[What is expected]: Print the lines in the listing below that fall between the line with "Droidbox Analyzer, our" and the line with "By the way, when", those two lines included, exactly as they stand and with nothing else.

[Excerpted records]:
=== Section Start ===

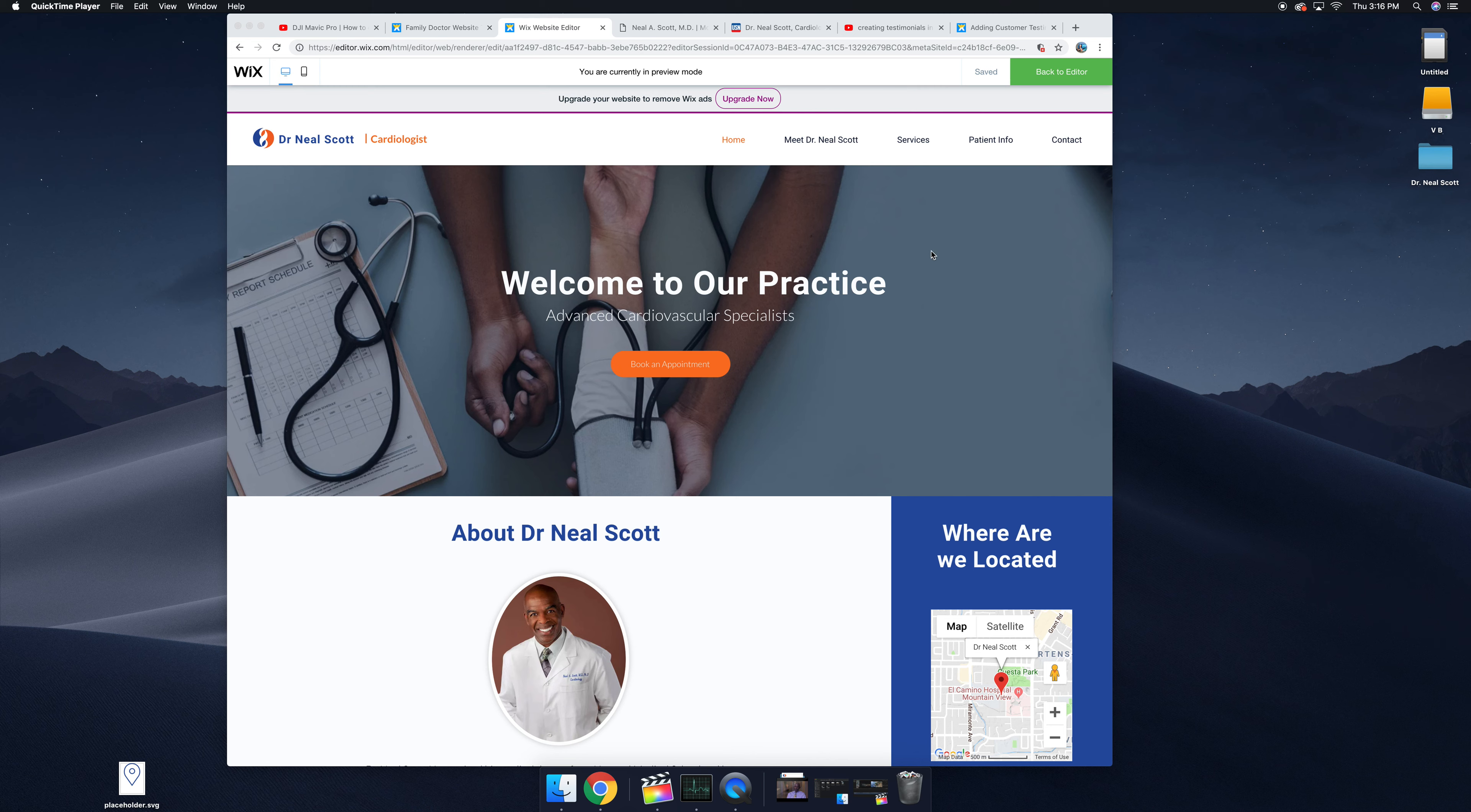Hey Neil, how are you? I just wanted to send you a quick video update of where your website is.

=== Section End ===
=== Section Start ===

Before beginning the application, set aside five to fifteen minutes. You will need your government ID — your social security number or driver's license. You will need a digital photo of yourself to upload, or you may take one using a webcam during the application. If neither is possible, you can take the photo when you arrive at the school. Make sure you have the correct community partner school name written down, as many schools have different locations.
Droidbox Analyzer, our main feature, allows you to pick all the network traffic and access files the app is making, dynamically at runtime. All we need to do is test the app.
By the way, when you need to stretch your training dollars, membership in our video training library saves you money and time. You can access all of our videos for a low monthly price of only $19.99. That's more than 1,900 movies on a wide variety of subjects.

=== Section End ===

[Problem solution]:
Droidbox Analyzer, our main feature, allows you to pick all the network traffic and access files the app is making, dynamically at runtime. All we need to do is test the app.
By the way, when you need to stretch your training dollars, membership in our video training library saves you money and time. You can access all of our videos for a low monthly price of only $19.99. That's more than 1,900 movies on a wide variety of subjects.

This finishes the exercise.